**Instructions to follow**
From the first line to the last, copy the listing exactly and omit the pictures.

BEGIN Dataset content

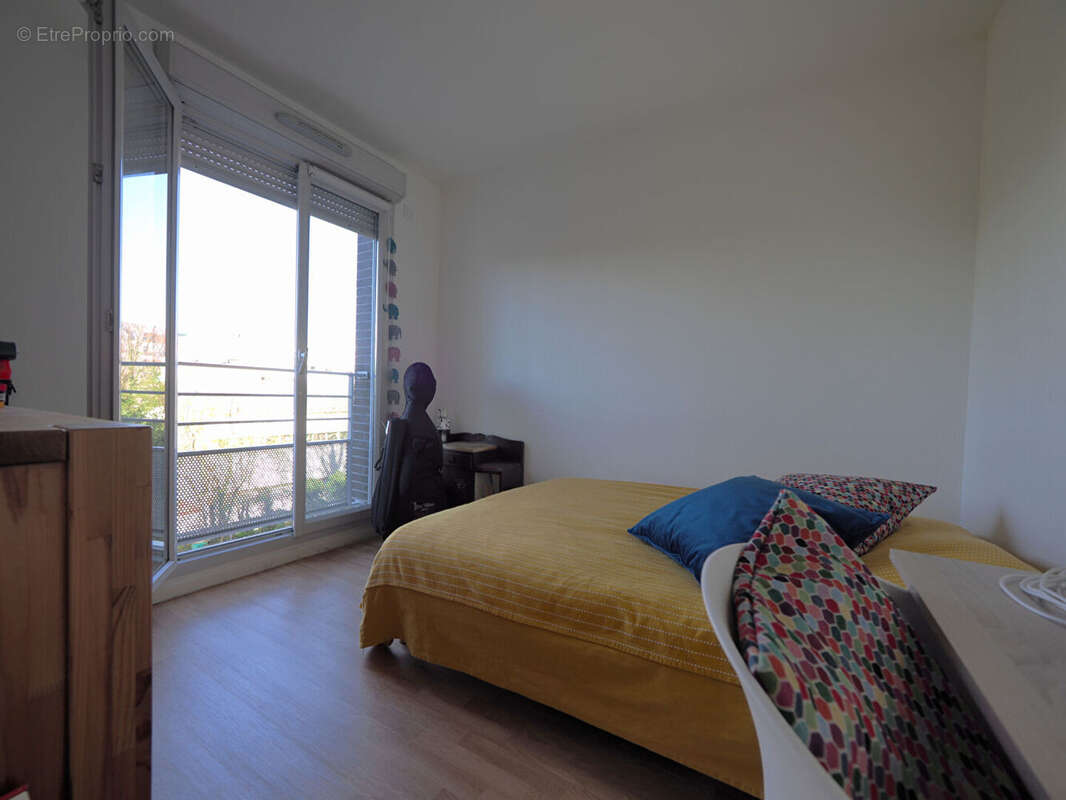 Appartement à ROMAINVILLE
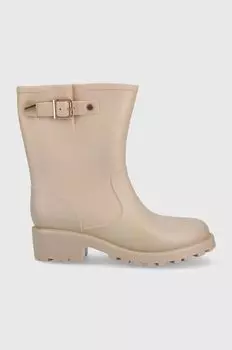 Резиновые сапоги Answear Lab, бежевый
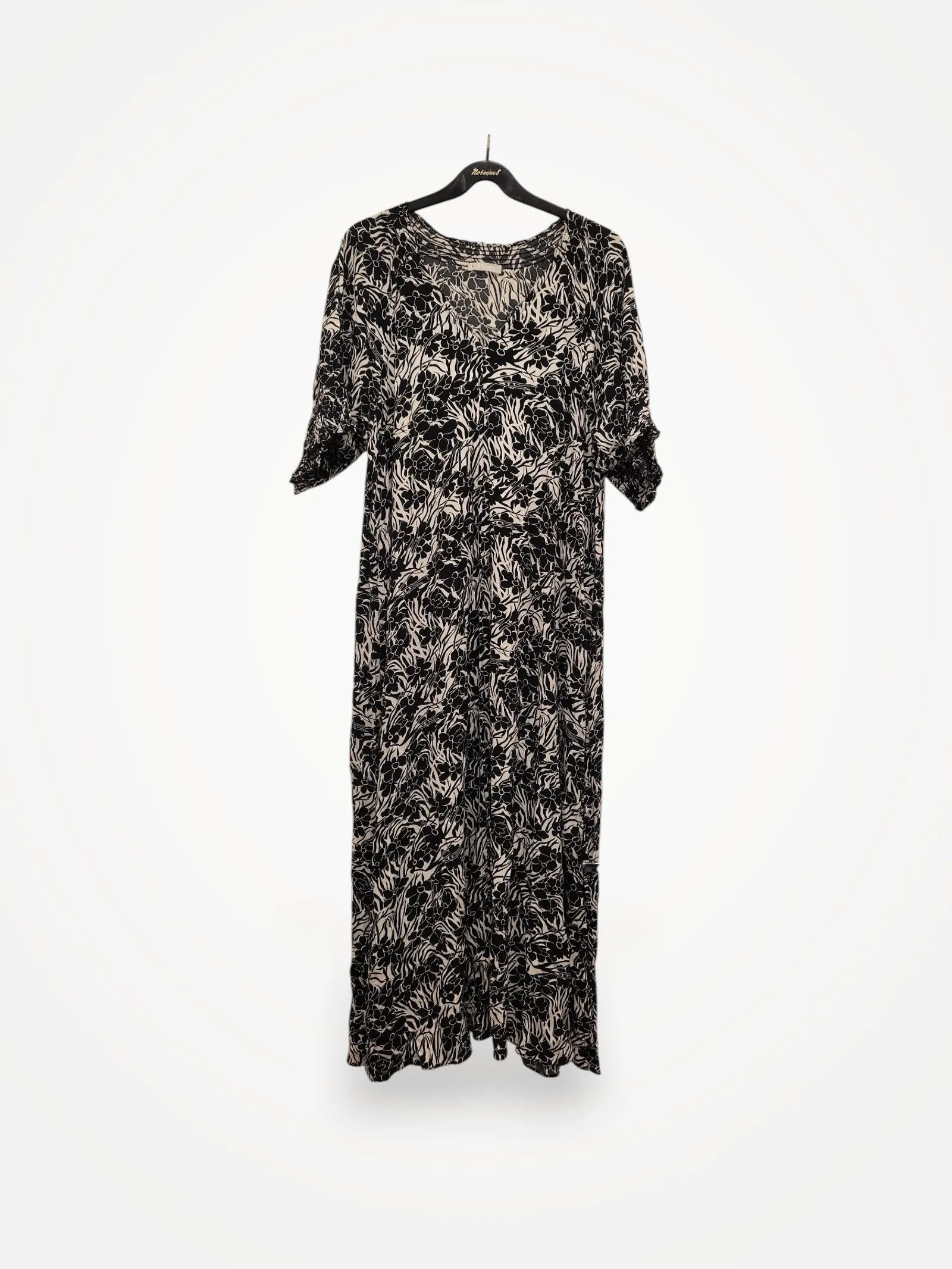 Arket Arket Printed Maxi Dress Size XS / US 0-2 / IT 36-38 - 1 Thumbnail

END Dataset content

**Answer for this exercise**
 Appartement à ROMAINVILLE
 Резиновые сапоги Answear Lab, бежевый
 Arket Arket Printed Maxi Dress Size XS / US 0-2 / IT 36-38 - 1 Thumbnail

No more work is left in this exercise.